Je m’excuse d’avance pour le noir du cynisme dégoulinant de mes phrases.


L’injustice n’existe pas que devant témoins. L’horreur existe sans frapper la pellicule. Will Smith a célèbremment tweeté « Racism is not getting worse, it’s getting filmed ». Dans le cas de George Floyd et de Joyce Echaquan, des preuves vidéos du racisme mortel qui les a tué.


On s’émeut, on s’indigne, on met un filtre sur la photo de profil, on partage un joli dessin-hommage, on manifeste dans les rues. Avec raison, on secoue les instances pour que justice arrive pour ces criminels, même sur le tard. Et c’est long. Pour faire arrêter les quatre policiers américains impliqués. Pour faire renvoyer l’infirmière puis l’aide-soignante. Mais rien pour Breonna Taylor.


Mais rien pour tant de victimes qui ont payé de leur vie sans être immortalisés dans la perte de leurs droits jusqu’au dernier moment, dans leur perte de dignité reprise comme élément contondant, pour instrumentaliser la révolte populaire.


C’est dur de manifester pour des victimes sans visage, sans nom. C’est difficile, au niveau de la loi, de comprendre, et d’avouer les violences subies par une partie de la population, du haut de leurs tours barricadées. C’est dur, pour un chat, de comprendre que c’est pas correct de faire pepi sur le tapis si on ne lui met pas la face devant sa flaque d’urine. C’est difficile pour un peuple d’accepter qu’on soit tous complices des mauvais traitements perpétués.


Chaque instant où on ne met pas à feu et à sang les institutions gouvernementales, chaque minute ou on ne révolutionne pas le système d’éducation, chaque seconde où on ne fait pas rouler la tête des riches pour redistribuer les richesses, on acquiesce doucement ce qui est en train, et continue d’arriver. L’inégalité. L’horreur.

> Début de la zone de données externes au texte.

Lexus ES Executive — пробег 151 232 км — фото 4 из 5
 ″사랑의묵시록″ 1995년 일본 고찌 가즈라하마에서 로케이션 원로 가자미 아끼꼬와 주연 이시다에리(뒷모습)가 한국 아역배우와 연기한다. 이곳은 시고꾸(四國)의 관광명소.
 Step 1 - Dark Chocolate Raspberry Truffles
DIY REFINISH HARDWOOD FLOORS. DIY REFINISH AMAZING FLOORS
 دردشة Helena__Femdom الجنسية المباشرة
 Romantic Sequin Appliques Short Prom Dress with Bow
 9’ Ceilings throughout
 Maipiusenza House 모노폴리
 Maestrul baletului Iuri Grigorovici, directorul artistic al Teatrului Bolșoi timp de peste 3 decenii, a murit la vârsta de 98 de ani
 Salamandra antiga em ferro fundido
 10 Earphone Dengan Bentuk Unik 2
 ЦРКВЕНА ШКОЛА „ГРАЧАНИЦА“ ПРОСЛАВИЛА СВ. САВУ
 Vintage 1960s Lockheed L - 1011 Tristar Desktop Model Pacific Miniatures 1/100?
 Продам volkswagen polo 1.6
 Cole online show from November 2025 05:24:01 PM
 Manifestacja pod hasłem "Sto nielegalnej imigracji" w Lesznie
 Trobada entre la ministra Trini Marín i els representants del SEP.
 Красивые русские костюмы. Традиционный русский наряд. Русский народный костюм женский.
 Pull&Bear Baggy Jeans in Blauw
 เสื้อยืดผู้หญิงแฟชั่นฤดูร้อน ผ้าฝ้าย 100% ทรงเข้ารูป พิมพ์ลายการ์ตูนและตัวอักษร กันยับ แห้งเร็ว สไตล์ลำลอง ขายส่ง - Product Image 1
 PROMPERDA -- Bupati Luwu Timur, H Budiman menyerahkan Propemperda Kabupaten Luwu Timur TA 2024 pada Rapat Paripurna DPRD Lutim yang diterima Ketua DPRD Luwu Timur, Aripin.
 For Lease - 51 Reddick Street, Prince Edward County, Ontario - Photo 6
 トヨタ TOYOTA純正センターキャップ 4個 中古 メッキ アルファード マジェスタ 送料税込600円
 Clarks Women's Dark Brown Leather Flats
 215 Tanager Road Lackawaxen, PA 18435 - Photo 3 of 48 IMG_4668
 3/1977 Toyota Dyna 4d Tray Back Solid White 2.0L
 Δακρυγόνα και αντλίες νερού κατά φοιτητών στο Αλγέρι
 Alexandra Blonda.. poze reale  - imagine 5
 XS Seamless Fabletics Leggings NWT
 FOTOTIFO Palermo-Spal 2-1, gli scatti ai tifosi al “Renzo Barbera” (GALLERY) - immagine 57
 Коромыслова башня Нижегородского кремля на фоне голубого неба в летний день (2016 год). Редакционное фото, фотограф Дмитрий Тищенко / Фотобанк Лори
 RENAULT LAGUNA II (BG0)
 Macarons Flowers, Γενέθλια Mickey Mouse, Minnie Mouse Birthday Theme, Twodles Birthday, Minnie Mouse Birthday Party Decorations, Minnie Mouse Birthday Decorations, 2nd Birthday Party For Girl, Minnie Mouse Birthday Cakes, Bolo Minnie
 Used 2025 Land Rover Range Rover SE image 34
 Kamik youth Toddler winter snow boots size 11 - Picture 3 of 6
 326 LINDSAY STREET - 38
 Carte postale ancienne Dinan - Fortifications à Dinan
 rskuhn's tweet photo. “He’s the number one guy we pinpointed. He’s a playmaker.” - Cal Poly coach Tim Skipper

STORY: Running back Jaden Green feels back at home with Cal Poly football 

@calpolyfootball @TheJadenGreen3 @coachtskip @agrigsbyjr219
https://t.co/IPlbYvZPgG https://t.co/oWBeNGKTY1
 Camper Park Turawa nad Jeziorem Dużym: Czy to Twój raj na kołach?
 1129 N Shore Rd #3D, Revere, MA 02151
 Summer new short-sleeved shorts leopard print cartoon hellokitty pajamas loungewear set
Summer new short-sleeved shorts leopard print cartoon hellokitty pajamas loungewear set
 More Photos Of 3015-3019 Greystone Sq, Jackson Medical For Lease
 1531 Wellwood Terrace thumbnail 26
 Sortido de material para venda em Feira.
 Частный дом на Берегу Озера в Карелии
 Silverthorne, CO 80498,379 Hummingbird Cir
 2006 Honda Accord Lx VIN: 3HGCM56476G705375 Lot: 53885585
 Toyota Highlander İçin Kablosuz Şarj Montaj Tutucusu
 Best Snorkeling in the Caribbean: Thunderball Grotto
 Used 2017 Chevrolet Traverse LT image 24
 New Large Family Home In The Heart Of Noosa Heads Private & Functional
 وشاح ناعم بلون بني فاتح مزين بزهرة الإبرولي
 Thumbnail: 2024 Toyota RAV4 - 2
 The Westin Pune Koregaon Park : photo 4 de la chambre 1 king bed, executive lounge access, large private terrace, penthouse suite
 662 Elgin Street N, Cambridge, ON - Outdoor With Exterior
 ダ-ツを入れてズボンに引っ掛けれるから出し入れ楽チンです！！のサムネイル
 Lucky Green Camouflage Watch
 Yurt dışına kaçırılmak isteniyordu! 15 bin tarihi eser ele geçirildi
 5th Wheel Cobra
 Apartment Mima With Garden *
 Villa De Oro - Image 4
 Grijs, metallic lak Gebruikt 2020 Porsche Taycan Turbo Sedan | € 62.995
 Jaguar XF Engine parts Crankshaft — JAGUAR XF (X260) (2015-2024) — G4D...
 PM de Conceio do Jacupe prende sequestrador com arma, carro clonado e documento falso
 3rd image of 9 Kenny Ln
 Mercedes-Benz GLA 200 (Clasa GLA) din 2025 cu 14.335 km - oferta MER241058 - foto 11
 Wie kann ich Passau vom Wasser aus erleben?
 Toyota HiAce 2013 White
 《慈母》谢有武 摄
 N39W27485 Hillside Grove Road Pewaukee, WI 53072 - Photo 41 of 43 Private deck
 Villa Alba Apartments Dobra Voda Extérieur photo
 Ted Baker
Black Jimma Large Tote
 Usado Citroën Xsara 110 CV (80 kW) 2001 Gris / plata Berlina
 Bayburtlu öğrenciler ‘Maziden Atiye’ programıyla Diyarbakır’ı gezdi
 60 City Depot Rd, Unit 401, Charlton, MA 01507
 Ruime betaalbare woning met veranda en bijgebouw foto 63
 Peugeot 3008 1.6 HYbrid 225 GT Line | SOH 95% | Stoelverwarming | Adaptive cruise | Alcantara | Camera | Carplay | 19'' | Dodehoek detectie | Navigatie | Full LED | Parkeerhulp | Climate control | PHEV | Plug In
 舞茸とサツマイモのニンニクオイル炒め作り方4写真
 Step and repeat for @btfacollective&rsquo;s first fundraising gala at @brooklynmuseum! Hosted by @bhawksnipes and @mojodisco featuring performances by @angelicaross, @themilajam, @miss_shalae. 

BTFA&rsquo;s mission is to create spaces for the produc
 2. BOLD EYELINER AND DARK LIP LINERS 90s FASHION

Reconnaître le racisme systémique aurait été la moindre des choses. On lisait, il y a quelques mois, « qu’on est chanceux que les premières nations veulent seulement réparation, et non vengeance ». Imaginez des centaines d’années de droits brimés. Imaginez les centaines de Joyce depuis les années 1970 dont on se fiche, mené par une commission d’enquête sur les femmes autochtones disparues, assassinées, sans grand résultat. Avec un climat de complaisance médiatique.


Imaginez les préjugés, les quolibets, imaginez les opportunités qu’on vous enlève quotidiennement depuis la naissance jusqu’à votre mort de par la couleur de votre peau. De génération en génération. De l’injustice à longueur de vie. À courteur de mort. 8 minutes 46. 7 minutes 12, comme le relatait Isabelle Hachey dans La Presse.


Imaginez ensuite la férocité de la révolte contre le port d’un bout de tissu sanitaire pour quelques mois.


Les efforts ne sont pas mis à la bonne place.


« Mais ça ne me touche pas moi ». On s’insurge contre ce qui nous touche personnellement, c’est humain. Les agresseurs et misogynes décident de se révolter contre les victimes de viol qui dénoncent. Les milliardaires se scandalisent de l’augmentation du salaire minimum. Les compagnies de gaz contre les pistes cyclables. Les Will E. Coyote contre l’émancipation des Road Runner. Les anti-masques probablement bien fiers de manifester contre quelque chose pour la première fois de leur vie où on leur a dit « non ».


Ce serait humain de s’insurger pour ce qui se passe au-delà de notre carré de gazon. La planète est en feu, mais on prend le temps de se tuer pareil. Les couleurs en premier. On attend de leur mort qu’on fasse bouger les choses. Le culot d’accrocher une responsabilité à ceux qui en ont périt. En faire des symboles, des leviers temporaires. Des morts moteurs.


On n’a pas besoin de d’autres séquences filmées.

On n’a pas besoin de démonstrations plus claires.

C’était très clair depuis longtemps déjà.


Et l’inaction que l’on permet est sans équivoque.